━━━ Records to use

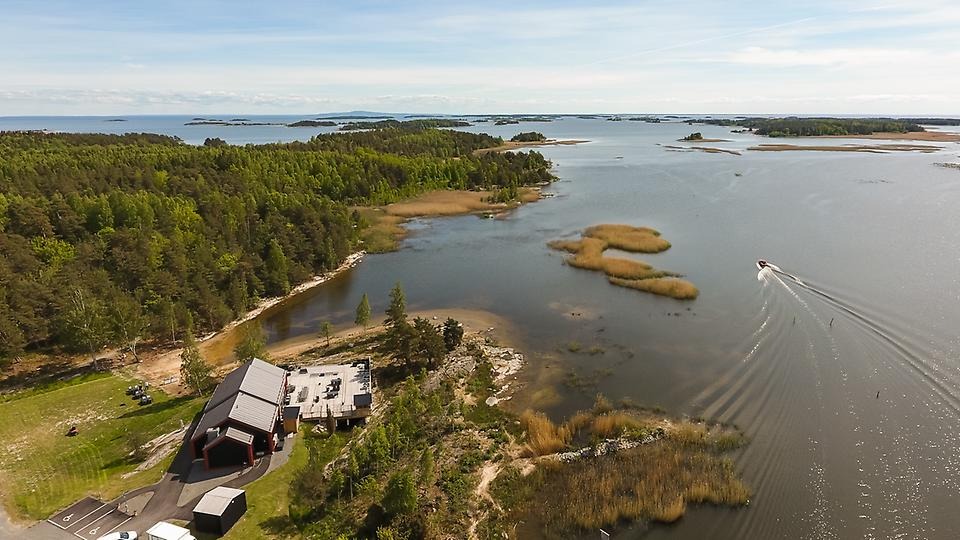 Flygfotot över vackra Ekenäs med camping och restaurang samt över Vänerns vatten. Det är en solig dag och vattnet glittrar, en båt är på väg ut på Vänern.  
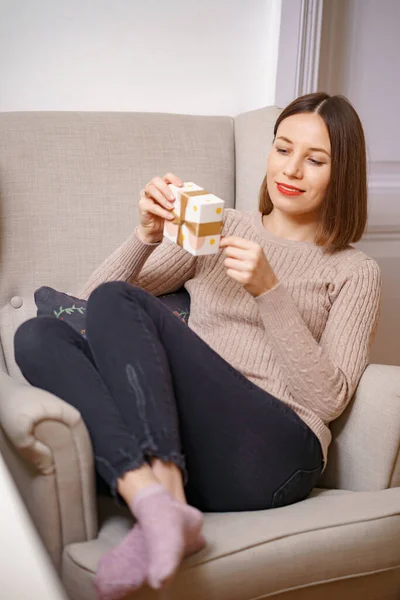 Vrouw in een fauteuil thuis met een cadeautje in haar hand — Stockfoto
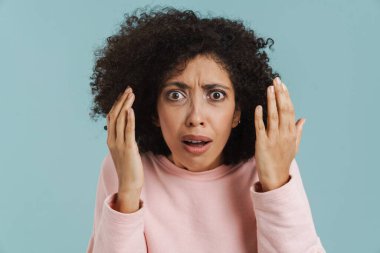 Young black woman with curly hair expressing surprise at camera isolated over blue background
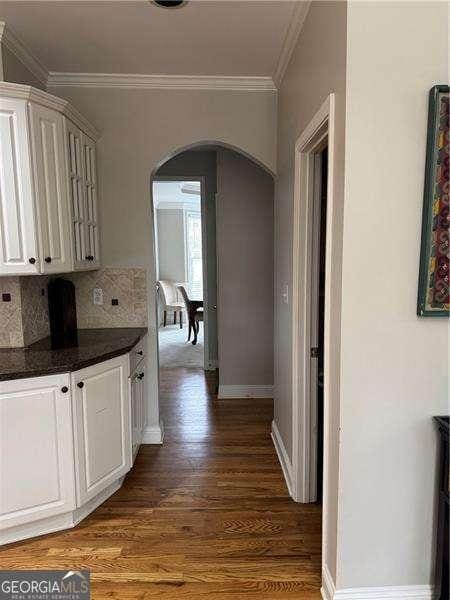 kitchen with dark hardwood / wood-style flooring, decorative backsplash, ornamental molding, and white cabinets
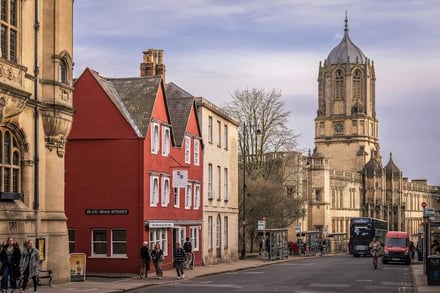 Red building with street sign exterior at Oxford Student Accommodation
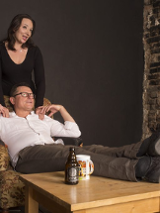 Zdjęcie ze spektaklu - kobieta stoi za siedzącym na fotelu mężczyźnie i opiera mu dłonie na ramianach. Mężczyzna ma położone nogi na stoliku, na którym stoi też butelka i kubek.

━━━━━━

Find the line holding "kitchen with dark" in the data above. Retype it and every later line exactly, through the end, but not the pictures.

 kitchen with dark hardwood / wood-style flooring, decorative backsplash, ornamental molding, and white cabinets
 Red building with street sign exterior at Oxford Student Accommodation
 Zdjęcie ze spektaklu - kobieta stoi za siedzącym na fotelu mężczyźnie i opiera mu dłonie na ramianach. Mężczyzna ma położone nogi na stoliku, na którym stoi też butelka i kubek.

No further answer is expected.